Эфиопский инструктор, сидевший рядом, молчал, и Лессер вынужден был принимать решения сам. Собрав в комок волю, он МЕ-Е-ЕДЛЕННО двинул штурвал и, кажется, самолет занял приблизительно ровное положение в воздухе… Правда, курс получился немного косой, но (удача!) отклоняющийся не к причалу, а к акватории лагуны. Иначе говоря, в процессе торможения не возникнет риск врезаться на скорости в причал…
…Последние метры… Надо почувствовать, когда будет дюйм от поплавков до воды. А непонятно: как его почувствуешь? Вода в лагуне не идеально гладкая, а волнистая. И у человека глаза — не дальномер… Гарри лихорадочно проверил положение элеронов, на всякий случай, и, конечно, скорость. Так: чуть больше 40 узлов. Это как у спортивного катера. Не должно быть страшно. А-а… Бум-бум-бум! Поплавки запрыгали по воде, а несколькими секундами позже поток воды гулко ударил в днище самолета. Теперь, не дожидаясь более ничего, выключаем движки… Надо, же! Все ОК, и BN-Islander тихо, практически не качаясь, стоит на воде… Примерно в ста метрах от причала.

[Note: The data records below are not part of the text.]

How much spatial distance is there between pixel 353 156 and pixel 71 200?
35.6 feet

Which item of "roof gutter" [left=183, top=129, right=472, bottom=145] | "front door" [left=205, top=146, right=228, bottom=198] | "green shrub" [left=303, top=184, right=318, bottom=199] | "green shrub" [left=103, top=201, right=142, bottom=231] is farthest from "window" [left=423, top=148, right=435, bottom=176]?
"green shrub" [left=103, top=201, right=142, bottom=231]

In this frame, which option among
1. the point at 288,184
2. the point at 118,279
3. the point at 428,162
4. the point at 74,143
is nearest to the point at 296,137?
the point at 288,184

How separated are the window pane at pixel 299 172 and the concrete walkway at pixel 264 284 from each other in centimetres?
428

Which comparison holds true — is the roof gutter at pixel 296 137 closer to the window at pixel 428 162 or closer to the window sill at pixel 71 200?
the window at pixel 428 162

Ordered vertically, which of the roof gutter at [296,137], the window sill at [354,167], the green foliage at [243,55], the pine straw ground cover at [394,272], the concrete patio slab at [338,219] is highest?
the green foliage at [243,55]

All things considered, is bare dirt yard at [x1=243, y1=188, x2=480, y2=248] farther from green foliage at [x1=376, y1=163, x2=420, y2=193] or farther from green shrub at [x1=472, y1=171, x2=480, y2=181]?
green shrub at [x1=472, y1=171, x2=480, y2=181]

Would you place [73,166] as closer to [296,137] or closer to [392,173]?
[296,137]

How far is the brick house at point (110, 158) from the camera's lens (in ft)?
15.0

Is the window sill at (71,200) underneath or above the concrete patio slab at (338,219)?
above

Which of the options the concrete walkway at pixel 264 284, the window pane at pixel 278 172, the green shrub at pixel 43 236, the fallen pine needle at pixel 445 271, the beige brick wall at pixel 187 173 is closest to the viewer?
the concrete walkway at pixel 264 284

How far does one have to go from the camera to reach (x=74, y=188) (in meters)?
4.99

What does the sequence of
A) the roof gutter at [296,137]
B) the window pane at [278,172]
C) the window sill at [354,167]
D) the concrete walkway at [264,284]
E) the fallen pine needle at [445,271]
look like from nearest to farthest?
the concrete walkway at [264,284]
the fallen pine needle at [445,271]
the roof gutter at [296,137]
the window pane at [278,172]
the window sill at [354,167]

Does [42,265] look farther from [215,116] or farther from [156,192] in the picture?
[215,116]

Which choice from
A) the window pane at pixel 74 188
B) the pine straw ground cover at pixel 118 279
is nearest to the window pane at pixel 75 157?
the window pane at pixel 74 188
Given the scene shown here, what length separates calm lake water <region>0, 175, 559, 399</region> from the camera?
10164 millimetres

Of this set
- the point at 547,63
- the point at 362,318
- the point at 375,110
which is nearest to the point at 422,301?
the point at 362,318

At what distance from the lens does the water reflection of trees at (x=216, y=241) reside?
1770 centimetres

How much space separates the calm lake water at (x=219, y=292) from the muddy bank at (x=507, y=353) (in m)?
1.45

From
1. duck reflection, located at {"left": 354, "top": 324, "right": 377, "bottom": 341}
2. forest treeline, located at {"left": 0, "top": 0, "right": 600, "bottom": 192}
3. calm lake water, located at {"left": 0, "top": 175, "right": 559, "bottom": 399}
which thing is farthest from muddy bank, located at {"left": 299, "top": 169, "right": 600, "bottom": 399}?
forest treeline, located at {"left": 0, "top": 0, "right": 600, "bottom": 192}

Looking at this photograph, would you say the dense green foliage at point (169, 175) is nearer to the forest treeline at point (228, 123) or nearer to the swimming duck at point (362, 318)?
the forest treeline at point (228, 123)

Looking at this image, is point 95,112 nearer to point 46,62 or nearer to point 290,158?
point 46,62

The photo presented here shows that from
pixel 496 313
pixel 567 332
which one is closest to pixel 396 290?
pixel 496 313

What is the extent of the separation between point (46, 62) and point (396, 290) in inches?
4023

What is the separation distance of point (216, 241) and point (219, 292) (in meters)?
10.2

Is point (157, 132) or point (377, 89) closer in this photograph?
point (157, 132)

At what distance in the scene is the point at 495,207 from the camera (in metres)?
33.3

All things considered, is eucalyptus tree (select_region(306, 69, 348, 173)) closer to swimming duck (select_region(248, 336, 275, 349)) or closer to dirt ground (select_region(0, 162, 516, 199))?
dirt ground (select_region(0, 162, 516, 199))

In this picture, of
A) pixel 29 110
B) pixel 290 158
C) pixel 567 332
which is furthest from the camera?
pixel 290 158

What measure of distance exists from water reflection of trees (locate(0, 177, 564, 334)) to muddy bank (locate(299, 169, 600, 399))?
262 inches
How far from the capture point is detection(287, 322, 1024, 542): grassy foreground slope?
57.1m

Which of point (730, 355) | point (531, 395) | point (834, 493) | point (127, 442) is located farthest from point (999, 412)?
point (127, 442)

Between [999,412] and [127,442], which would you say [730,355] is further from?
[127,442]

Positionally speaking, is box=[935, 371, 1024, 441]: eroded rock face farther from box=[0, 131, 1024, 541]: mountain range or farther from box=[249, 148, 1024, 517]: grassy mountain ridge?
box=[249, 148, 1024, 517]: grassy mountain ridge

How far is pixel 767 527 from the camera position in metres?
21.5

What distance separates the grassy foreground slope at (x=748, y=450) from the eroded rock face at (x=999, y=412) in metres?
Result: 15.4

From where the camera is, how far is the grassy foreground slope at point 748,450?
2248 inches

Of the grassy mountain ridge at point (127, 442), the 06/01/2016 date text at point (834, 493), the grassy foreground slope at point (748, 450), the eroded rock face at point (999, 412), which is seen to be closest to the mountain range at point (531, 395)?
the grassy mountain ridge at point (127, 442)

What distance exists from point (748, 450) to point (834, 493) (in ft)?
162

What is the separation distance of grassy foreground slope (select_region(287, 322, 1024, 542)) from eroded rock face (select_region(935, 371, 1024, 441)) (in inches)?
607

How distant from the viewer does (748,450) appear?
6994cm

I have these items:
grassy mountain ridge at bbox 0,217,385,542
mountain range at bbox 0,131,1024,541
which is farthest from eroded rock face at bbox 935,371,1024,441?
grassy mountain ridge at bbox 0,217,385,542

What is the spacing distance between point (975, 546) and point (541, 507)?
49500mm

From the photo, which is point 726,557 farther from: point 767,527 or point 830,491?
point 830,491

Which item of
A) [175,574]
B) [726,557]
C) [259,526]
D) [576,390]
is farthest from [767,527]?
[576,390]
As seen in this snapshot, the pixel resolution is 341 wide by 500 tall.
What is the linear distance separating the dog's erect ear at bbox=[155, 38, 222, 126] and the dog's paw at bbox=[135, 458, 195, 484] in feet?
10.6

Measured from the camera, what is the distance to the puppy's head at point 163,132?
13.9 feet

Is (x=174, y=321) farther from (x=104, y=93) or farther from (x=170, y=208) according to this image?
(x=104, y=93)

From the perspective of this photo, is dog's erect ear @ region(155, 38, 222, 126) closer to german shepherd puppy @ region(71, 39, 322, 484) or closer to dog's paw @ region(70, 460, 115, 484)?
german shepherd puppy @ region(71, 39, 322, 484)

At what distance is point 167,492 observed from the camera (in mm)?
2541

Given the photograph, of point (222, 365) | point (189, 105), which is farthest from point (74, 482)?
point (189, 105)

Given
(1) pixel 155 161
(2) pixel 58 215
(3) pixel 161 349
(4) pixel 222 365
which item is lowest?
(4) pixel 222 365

…Инструктор-эфиоп вынул из кармана рубашки мятую сигарету, прикурил от древней фитильной зажигалки, выпустил изо рта струйку дыма, и спросил:
— Эй-эй, мистер Гарри, зачем моторы выключил? До причала на веслах пойдем, что ли?
— Текле, я устал, как собака, — ответил Лессер, — и я перепугался. Поэтому — выключил.

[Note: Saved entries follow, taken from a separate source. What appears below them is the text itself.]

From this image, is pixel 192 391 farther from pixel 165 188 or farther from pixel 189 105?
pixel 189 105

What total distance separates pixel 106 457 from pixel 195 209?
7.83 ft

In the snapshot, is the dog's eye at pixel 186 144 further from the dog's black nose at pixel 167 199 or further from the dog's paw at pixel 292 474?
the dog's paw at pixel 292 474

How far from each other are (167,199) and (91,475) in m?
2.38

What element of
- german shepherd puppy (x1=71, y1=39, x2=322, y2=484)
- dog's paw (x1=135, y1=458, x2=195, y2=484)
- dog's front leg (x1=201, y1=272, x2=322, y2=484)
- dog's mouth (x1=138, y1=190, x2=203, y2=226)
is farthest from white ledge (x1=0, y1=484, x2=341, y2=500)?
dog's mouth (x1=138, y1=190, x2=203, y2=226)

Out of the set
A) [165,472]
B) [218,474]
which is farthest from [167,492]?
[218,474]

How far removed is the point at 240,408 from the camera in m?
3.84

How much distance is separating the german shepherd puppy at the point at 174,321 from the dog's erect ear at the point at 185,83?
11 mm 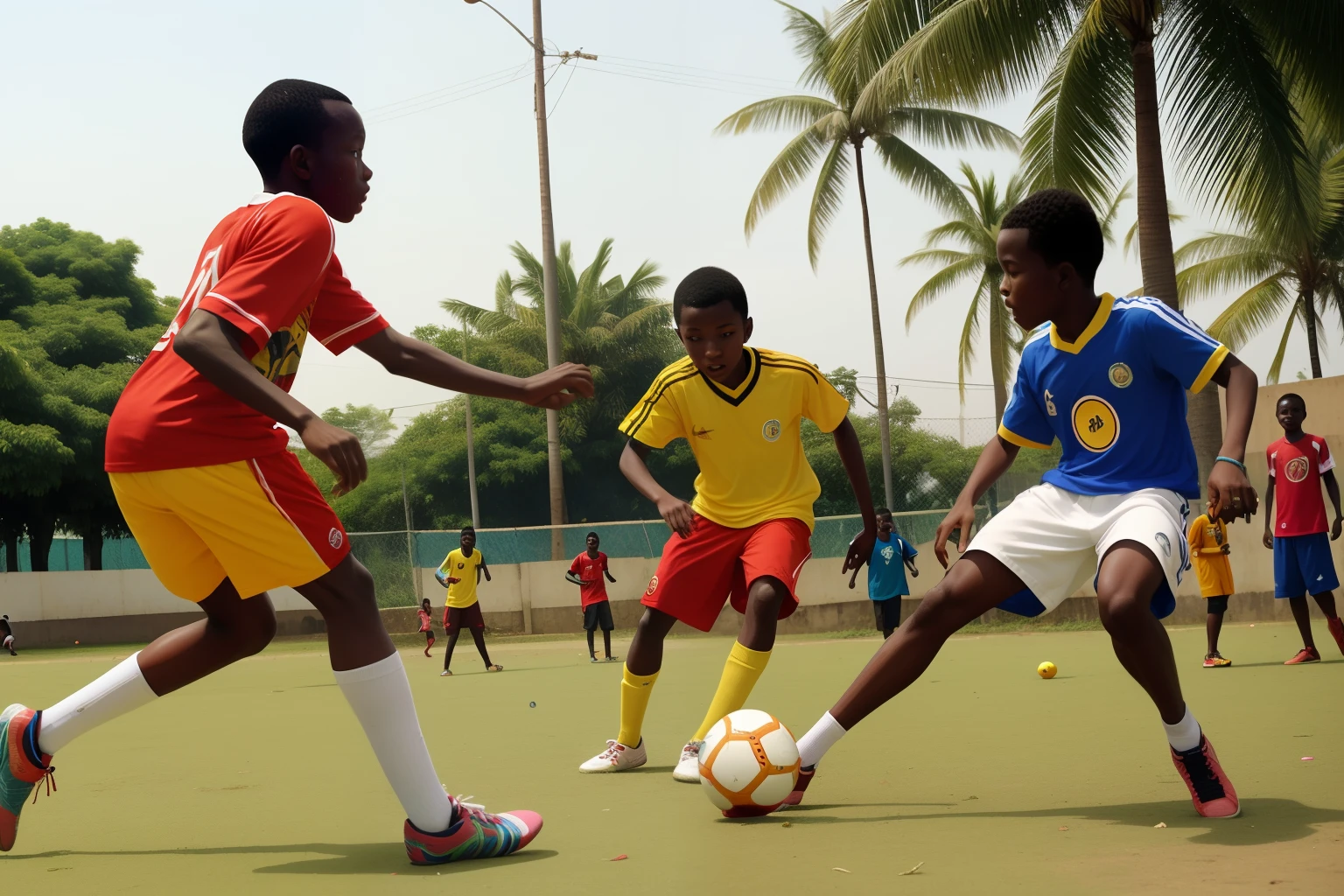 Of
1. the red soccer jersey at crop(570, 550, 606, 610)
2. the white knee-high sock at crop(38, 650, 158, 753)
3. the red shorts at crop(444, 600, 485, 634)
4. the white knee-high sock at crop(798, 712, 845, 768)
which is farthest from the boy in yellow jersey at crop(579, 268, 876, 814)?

— А-а… — протянул эфиоп, сделал еще затяжку, открыл дверь кабины, и выбросил едва начатую сигарету в воду. В прошлой жизни он был заядлым курильщиком. Теперь же попытки покурить вызывали противные ощущения — еще один из побочных эффектов веритации. Текле Мангас все же, иногда пытался закуривать, и каждый раз, как сейчас, выбрасывал сигарету после первой (максимум — после второй) затяжки.

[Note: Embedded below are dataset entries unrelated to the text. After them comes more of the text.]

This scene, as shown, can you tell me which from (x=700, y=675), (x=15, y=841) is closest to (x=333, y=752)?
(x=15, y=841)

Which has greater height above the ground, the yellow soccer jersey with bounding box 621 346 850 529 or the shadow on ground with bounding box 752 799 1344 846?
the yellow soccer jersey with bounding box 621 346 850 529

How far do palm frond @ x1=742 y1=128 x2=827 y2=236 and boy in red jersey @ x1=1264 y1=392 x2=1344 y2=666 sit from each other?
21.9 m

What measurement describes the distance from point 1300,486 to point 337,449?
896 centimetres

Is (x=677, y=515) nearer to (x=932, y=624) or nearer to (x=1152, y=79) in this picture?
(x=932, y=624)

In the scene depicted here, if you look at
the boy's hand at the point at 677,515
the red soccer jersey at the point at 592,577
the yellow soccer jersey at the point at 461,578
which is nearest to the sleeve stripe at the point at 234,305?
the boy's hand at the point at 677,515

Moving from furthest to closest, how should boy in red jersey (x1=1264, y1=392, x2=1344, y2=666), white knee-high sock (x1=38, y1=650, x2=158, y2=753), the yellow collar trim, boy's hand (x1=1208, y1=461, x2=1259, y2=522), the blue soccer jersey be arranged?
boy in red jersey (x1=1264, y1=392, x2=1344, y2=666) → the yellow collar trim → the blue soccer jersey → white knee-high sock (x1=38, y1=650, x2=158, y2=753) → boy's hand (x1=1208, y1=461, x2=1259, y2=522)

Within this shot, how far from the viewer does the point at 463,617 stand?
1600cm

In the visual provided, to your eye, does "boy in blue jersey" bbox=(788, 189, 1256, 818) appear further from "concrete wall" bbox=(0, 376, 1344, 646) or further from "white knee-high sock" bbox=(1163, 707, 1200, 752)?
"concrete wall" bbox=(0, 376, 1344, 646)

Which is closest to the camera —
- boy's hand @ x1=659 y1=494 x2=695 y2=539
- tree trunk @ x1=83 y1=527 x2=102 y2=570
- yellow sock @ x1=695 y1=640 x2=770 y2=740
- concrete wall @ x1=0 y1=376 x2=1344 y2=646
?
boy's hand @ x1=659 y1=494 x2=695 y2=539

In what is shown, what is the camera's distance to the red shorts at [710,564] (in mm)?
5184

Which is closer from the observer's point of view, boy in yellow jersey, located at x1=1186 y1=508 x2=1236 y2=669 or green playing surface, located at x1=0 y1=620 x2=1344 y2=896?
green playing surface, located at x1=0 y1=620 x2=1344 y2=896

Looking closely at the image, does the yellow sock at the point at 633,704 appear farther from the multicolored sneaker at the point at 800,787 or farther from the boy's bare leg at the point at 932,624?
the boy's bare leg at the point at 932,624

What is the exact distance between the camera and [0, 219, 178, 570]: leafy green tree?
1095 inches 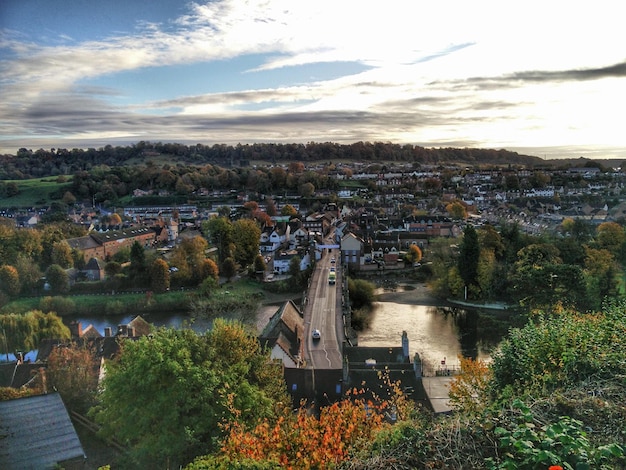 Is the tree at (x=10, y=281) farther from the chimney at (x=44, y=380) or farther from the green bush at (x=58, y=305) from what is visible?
the chimney at (x=44, y=380)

— Вот и «а-а…», — слегка обиженно отозвался молодой янки, — ты молчал, как рыба, а я дергался, как та же рыба на удочке. По-моему, мне как-то слишком страшно.
— Нет, — эфиоп крутанул головой, — тебе нормально страшно. Не слишком.
— ОК, ты меня успокоил, Текле.
— Тогда, мистер Гарри, может ты включишь моторы, и поедем к причалу, а?
— Нет-нет, — Гарри Лессер поднял ладони, — мне надо немного успокоиться, а то пальцы дрожат. Давай, выпьем кофе. Надо, наконец, испытать в деле султанскую джезву.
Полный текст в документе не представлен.